What is required
Without any pictures, print the lines below from the one that has "Image similar to" through the one that has "Schweden Visby Vintage", exactly and nothing else.

==========

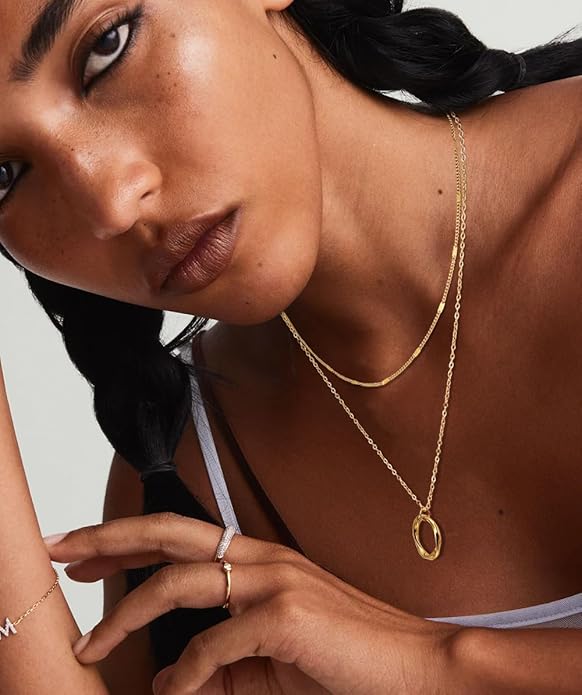 3Pcs Layered Necklace for Women Stackable Necklaces Silver Rosegold Gold Plated Chain Dainty Set Gifts Circle Pendant Paperclip Chain Choker Necklaces Trendy Personalized Jewelry Set Gifts for Women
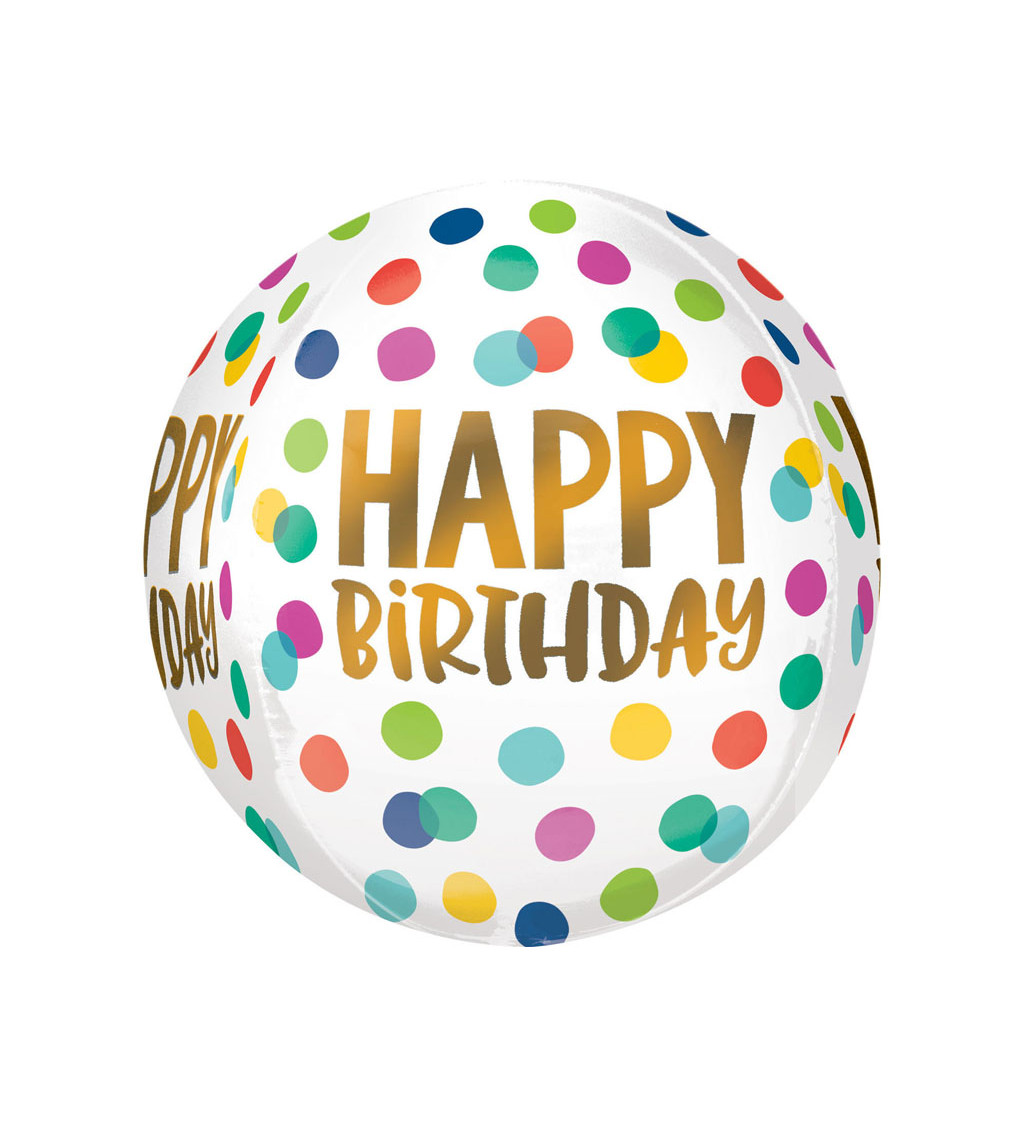 Happy Birthday balonek s puntíky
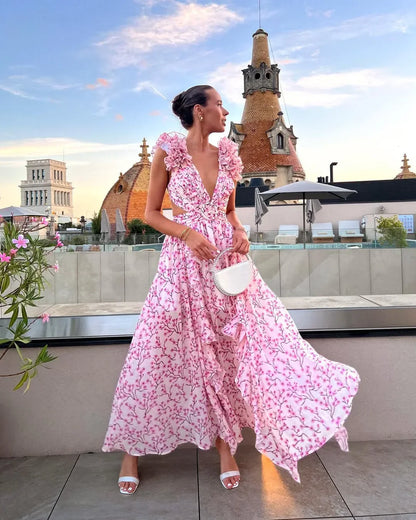 Gaëlle | Robe Longue Fleurie Sans Manches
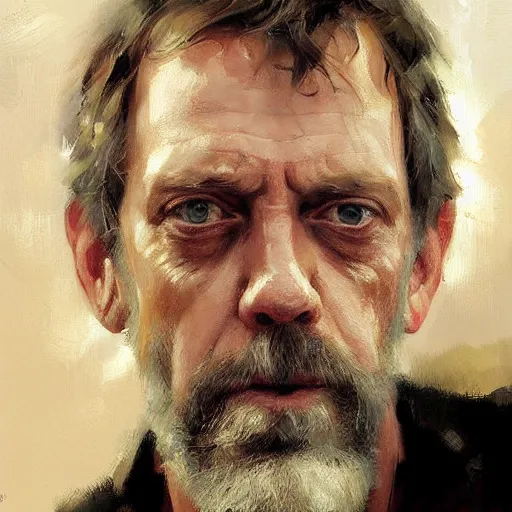 Image similar to face protrait of hugh laurie, jeremy mann painting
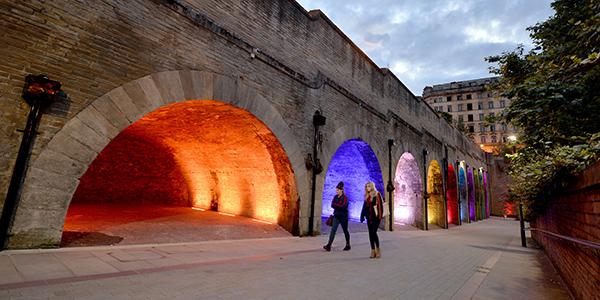Dynamic lighting brightens up St Blaise Square creating a welcoming passage for shoppers and commuters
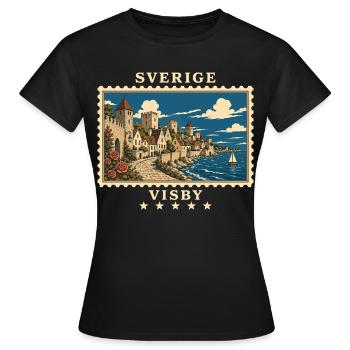 Schweden Visby Vintage Reisemarke - Frauen T-Shirt - Schwarz - Vorne - AI Model Female 172 dark (172cm)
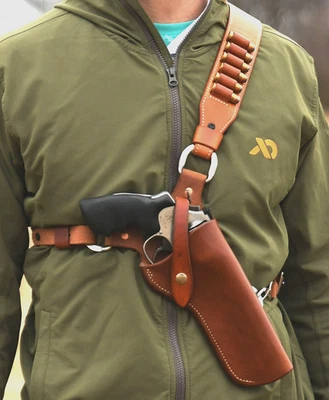 Funda de hombro de cuero marrón con trabillas para marco Smith & Wesson 629 N Foto 1 de 4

==========

Task response
 Image similar to face protrait of hugh laurie, jeremy mann painting
Dynamic lighting brightens up St Blaise Square creating a welcoming passage for shoppers and commuters
 Schweden Visby Vintage Reisemarke - Frauen T-Shirt - Schwarz - Vorne - AI Model Female 172 dark (172cm)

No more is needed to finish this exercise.